The two majority members of the Indiana Court of Appeals panel reversed the trial court's ruling on summary judgment on the question of whether the company can be indemnified, and sent the case back to the trial court for trial. One appeals court judge issued a dissenting opinion finding in favor of the State and concluding the State Fair Commission should be immune from Mid-America's indemnity claim.
The collapse of stage rigging during a windstorm prior to a scheduled concert at the State Fair grandstands resulted in seven fatalities and multiple injuries. Injured victims and the estates of the deceased filed lawsuits against numerous defendants – including Mid-America, the performing group Sugarland, other private companies and the State of Indiana – that later were consolidated into one case by the Marion County Superior Court.
Four months after the disaster, in December 2011, the State, represented by the Attorney General's Office, reached a settlement with 62 collapse victims and paid out the State's full $5 million in liability, the maximum allowed under Indiana's tort claim cap. The plan for distributing the $5 million was developed by the AG's Office with the guidance of Kenneth Feinberg, the compensation expert who designed compensation plans for victims of 9/11 and the Gulf Oil Spill – and who more recently oversaw payment efforts for victims of the Boston Marathon tragedy and GM ignition switch recall. State Fair victims who accepted settlement payment under the Feinberg Plan in 2011 waived any future litigation against the State.
One year after the initial $5 million settlement, the State of Indiana in December 2012 distributed another $6 million in supplemental relief that the 2012 Legislature had approved for victims. The 59 who accepted supplemental payment signed a waiver releasing the State from any claim of indemnification. The elimination of indemnification liability exposure was a specific condition the Legislature attached to the supplemental fund. In total, the State in the two phases paid $11 million in public funds to State Fair victims, not counting private charitable efforts. Private lawsuits between the victims and private entities have continued, with some of the parties reaching private settlements with each other.

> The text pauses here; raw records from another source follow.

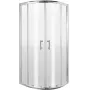 DEANTE Semicircular Shower Enclosure 80 cm, Chrome, Clear Glass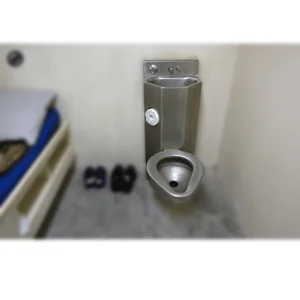 Wall Mount Design Stainless Steel Prison Toilet With Tank Parts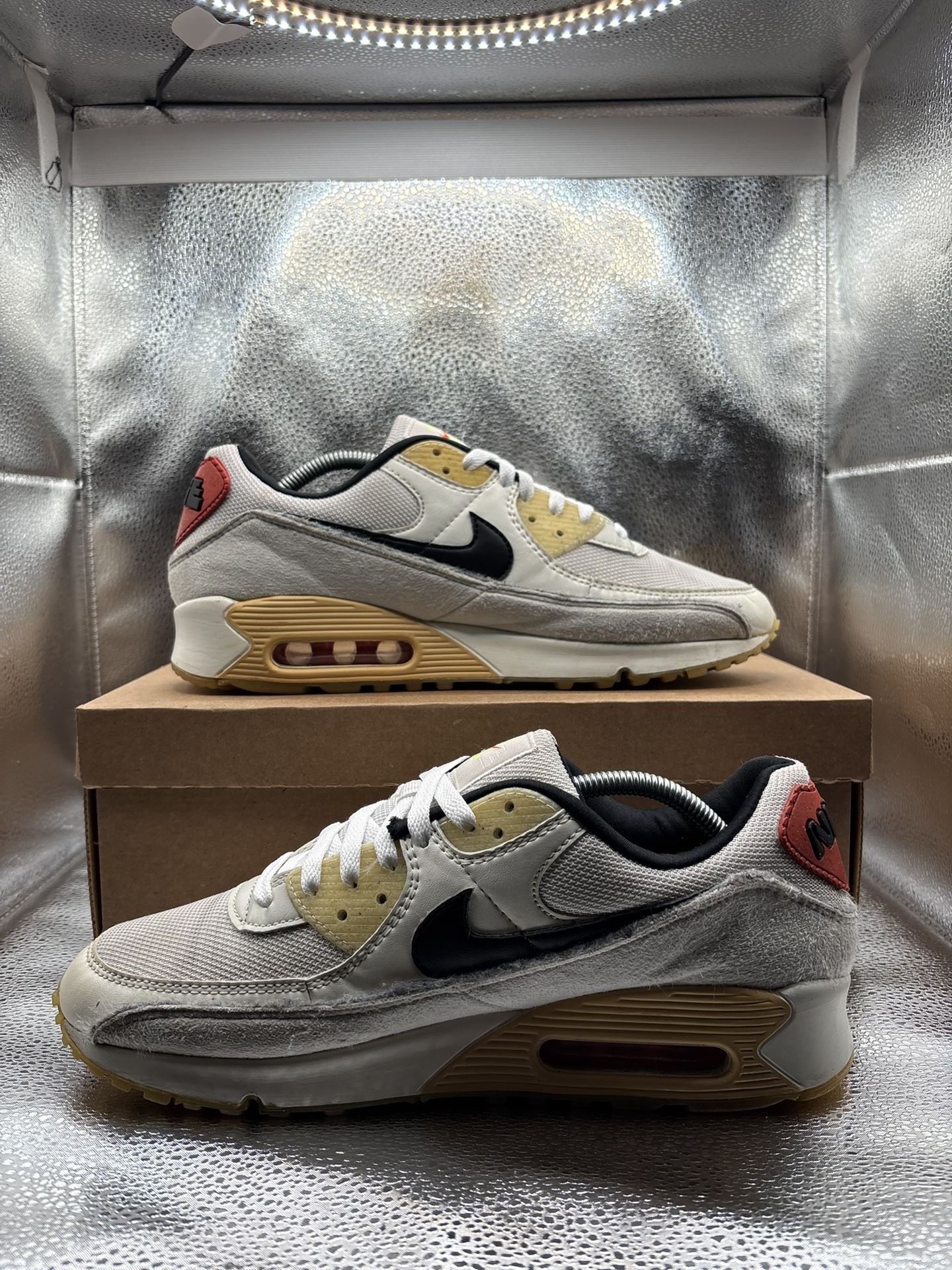 Air Max 90 SE Swoosh Fiber White - photo 5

“My office put the victims first by fully paying out the State's maximum $5 million liability, consulting with the nation's leading victim compensation expert, Kenneth Feinberg, on the plan to distribute it and working with the Legislature to provide another $6 million in public funds to assist victims further. As the guardian of tax dollars, the State is adamant that it will not and cannot assume the current and future legal bills of this private company for the company's conduct,” Zoeller said.
Zoeller added that he agreed with the dissenting opinion that states: “The bottom line is this: The legislature alone decides when State entities can and will be subject of suit.”
In a separate case, the Attorney General's Office on Jan. 14 successfully defended the State in a legal challenge to Indiana's tort claim caps filed by one plaintiff who was injured in the State Fair disaster. In that case, the Court of Appeals ruled in favor of the State that the tort claim caps of $700,000 per individual and $5 million per incident are constitutional.